In which topological spaces is every singleton set a zero set?

Question

The title question says it all: if $X$ is a topological space, then a subset $Z$ of $X$ is a zero set if there is a continuous function $f: X \rightarrow \mathbb{R}$ with $Z = f^{-1}(0)$.

Now I know the following:

1. Every zero set is a closed subset.
2. Every closed subset is a zero set iff $X$ is perfectly normal, e.g. if $X$ is metrizable.
3. Every closed subset is an intersection of zero sets iff $X$ is Tychonoff.

What I want to know is whether there is a similarly clean characterization of topological spaces $X$ such that for every point $x \in X$, there is a continuous function $f: X \rightarrow \mathbb{R}$ vanishing only at $x$. In particular, is there a compact (Hausdorff!) space that does not have this property?

Added: Having gotten some nice answers, maybe I should say a little more about my ulterior motive (which is sort of a motive in a teapot).

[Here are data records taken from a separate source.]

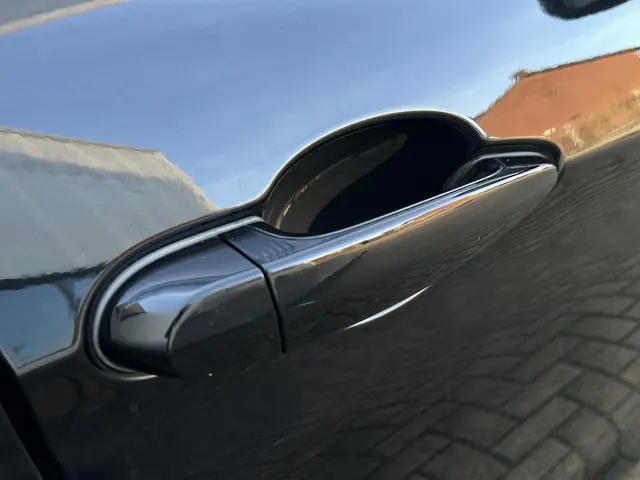 BMW 3 Serie 320i Executive 2013 Benzine 8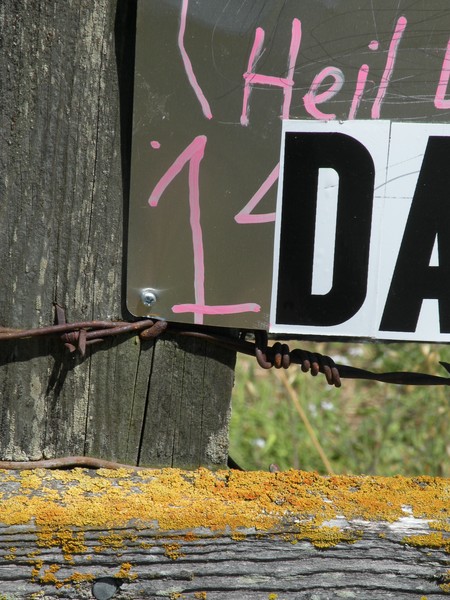 Gate Sign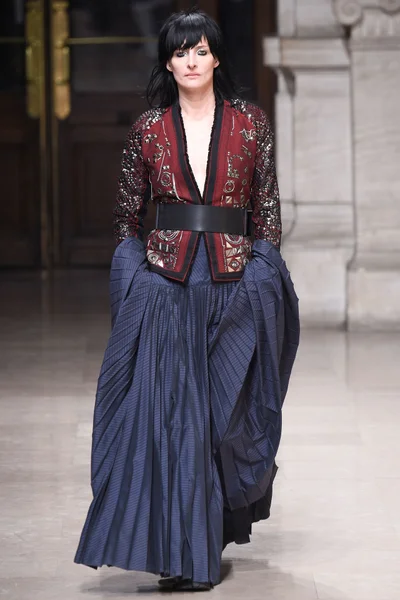 Look 22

I was mulling over a recent note of B. Sury in which he shows that in the ring $C([0,1])$ of continuous functions $f: X \rightarrow [0,1]$, for any $c \in [0,1]$, the maximal ideal $\mathfrak{m}_c$ of all functions vanishing at $c$ is not only infinitely generated (as is standard: I think this was a question on a qualifying exam I took as a graduate student!) but uncountably generated. I was thinking of generalizations to rings of continuous functions on other spaces $X$.

There is, it seems to me, a very small gap in his proof: about the function $f$ he constructs, he writes "since $f$ vanishes only at $c$". He hasn't argued for this, and depending on the choices of the sequence $\{f_n\}$, $f$ might vanish at other points. But no problem: if $\mathfrak{m}_c = \langle f_1,\ldots,f_n,\ldots \rangle$, since there is obviously some continuous function on $[0,1]$ which vanishes only on $c$ (e.g. $I(x) = |x-c|$), if $\bigcap_{n=1}^{\infty} f_n^{-1}(0) \supsetneq \{c\}$ then these functions cannot generate $\mathfrak{m}_c$.

If I am not mistaken, the following is a straightforward generalization of Sury's result.

Theorem: Let $X$ be a compact (Hausdorff!) space, and let $c \in X$. Suppose that there is a continuous function $I: X \rightarrow \mathbb{R}$ such that $I^{-1}(0) = \{c\}$. Then the following are equivalent:
(i) The point $c$ is isolated in $X$.
(ii) The ideal $\mathfrak{m}_c$ is principal.
(iii) The ideal $\mathfrak{m}_c$ is finitely generated.
(iv) The ideal $\mathfrak{m}_c$ is countably generated.

Well, this would be a better result without the weird hypothesis about the existence of $I$. Hence the question. (Maybe someone can see a better way to get around this hypothesis or replace it with something more natural...)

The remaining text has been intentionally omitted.